*TASK PROMPT*:
While copying the entries exactly, leave out each picture they contain.

↓

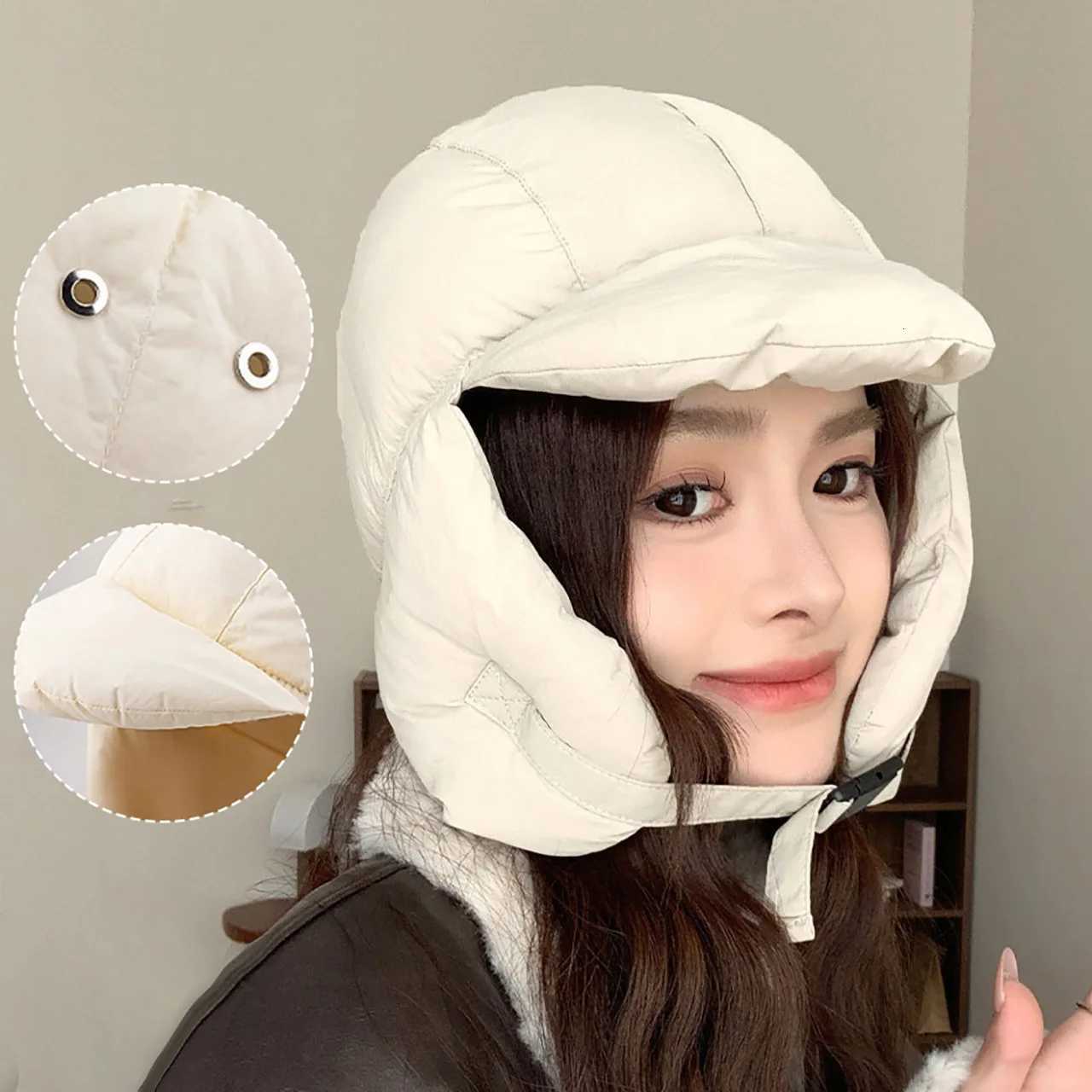 Trapper Hats Winter Down Ushanka Hat for Women Korean Girls Ear Protection Cap Y2K Solid Color Bomber Hat Outdoor Warm Earflap CapsT261017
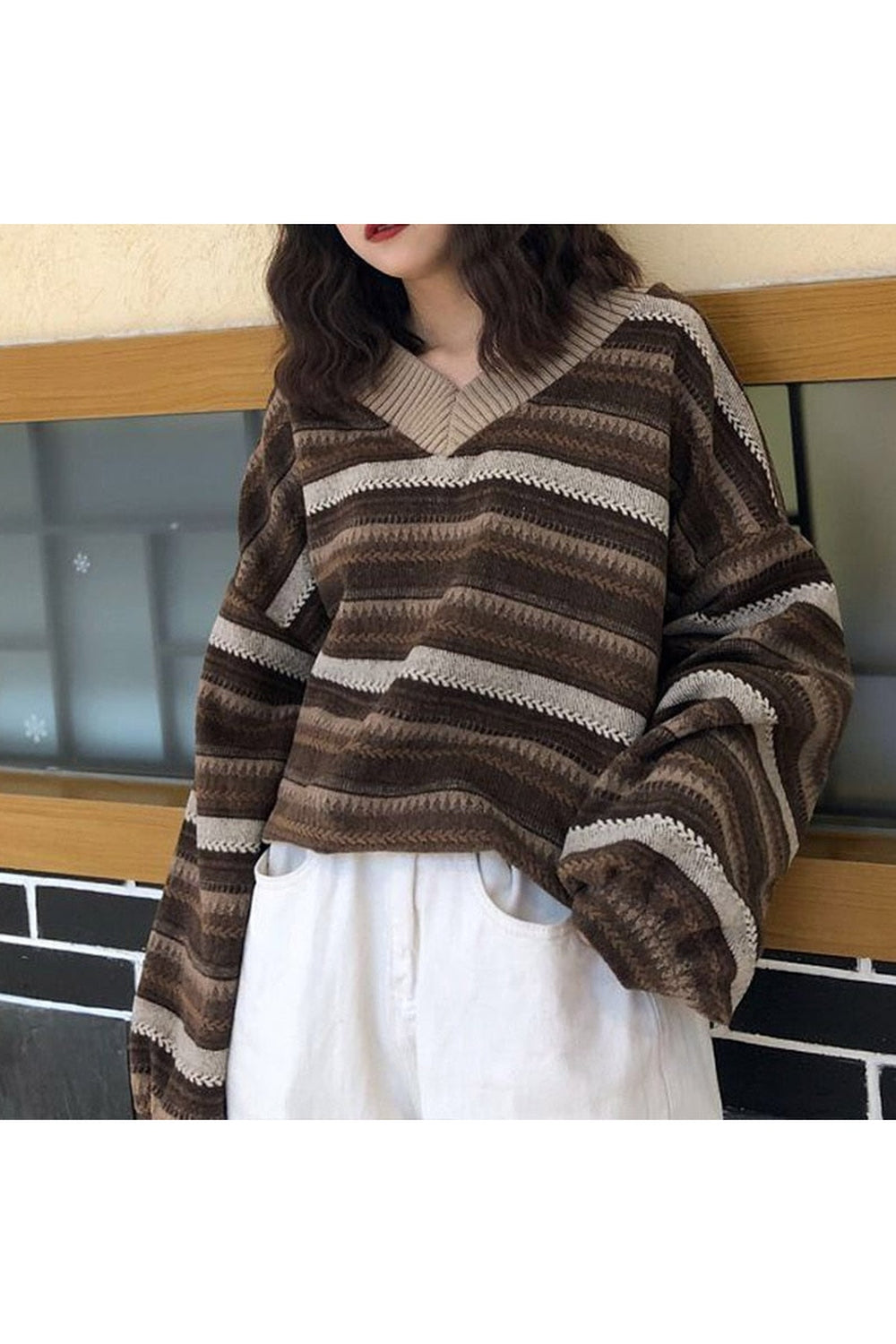 Goblincore Stripe Knit Fall Sweater cottagecoreclothes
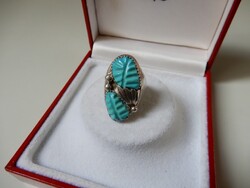 Régi Loyolita Tsattie Zuni ezüst gyűrű valódi Türkiz kövekkel ﻿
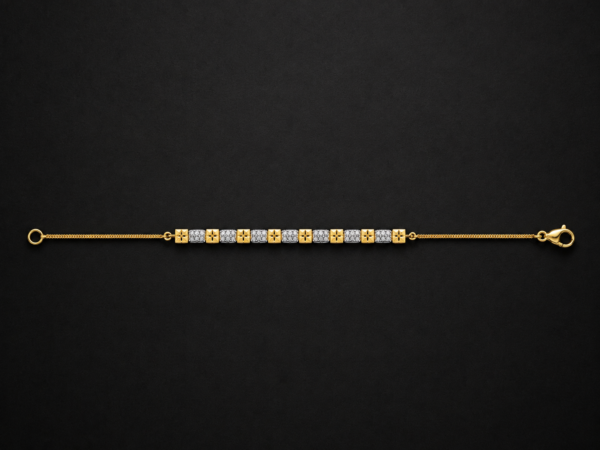 Gold Bar Bead Bracelet — Star & Pavé Cubes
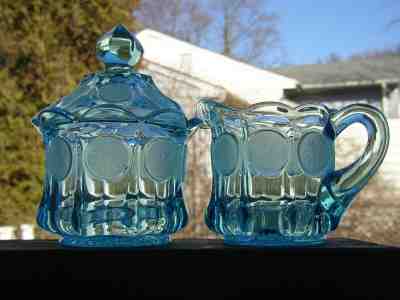 Vintage FOSTORIA Robin Egg BLUE COIN Pattern Glass CREAMER SUGAR Tea Coffee Set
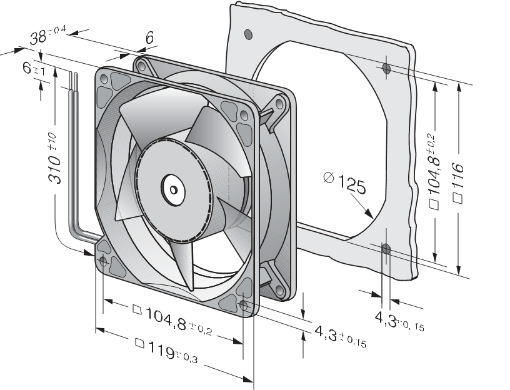 Imagem de MICRO VENTILADOR COMPACTO 4114 NH3 24VDC EBM-PAPST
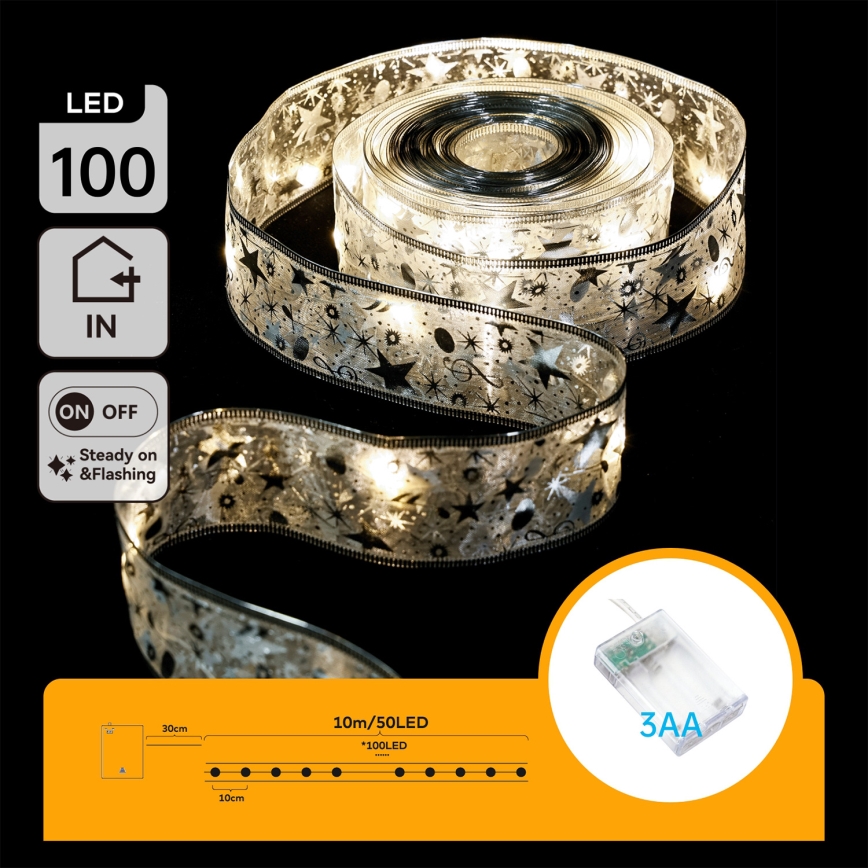 Aigostar - Catena luminosa natalizia a LED 100xLED/3xAA 10 m bianco caldo argento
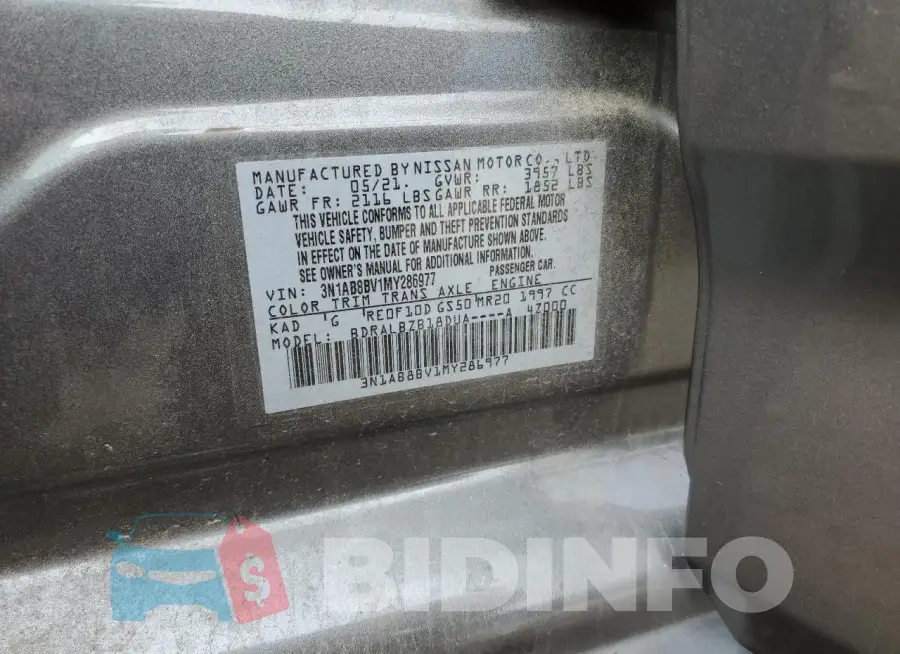 3N1AB8BV1MY286977 Photo# 12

↑

*YOUR SOLUTION*:
 Trapper Hats Winter Down Ushanka Hat for Women Korean Girls Ear Protection Cap Y2K Solid Color Bomber Hat Outdoor Warm Earflap CapsT261017
 Goblincore Stripe Knit Fall Sweater cottagecoreclothes
 Régi Loyolita Tsattie Zuni ezüst gyűrű valódi Türkiz kövekkel ﻿
 Gold Bar Bead Bracelet — Star & Pavé Cubes
 Vintage FOSTORIA Robin Egg BLUE COIN Pattern Glass CREAMER SUGAR Tea Coffee Set
 Imagem de MICRO VENTILADOR COMPACTO 4114 NH3 24VDC EBM-PAPST
 Aigostar - Catena luminosa natalizia a LED 100xLED/3xAA 10 m bianco caldo argento
 3N1AB8BV1MY286977 Photo# 12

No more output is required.